Would you please output only the lines from the one containing "gökkuşağı gradyanı çizimi" through the end of the entries below, exactly as written?

(Short descriptive text snippets)
== == ==

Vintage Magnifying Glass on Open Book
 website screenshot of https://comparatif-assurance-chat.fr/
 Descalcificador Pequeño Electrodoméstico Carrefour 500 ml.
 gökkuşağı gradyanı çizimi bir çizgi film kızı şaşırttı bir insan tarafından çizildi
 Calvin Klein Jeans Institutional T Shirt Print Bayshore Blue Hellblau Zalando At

== == ==

§ **SOLUTION**:
 gökkuşağı gradyanı çizimi bir çizgi film kızı şaşırttı bir insan tarafından çizildi
 Calvin Klein Jeans Institutional T Shirt Print Bayshore Blue Hellblau Zalando At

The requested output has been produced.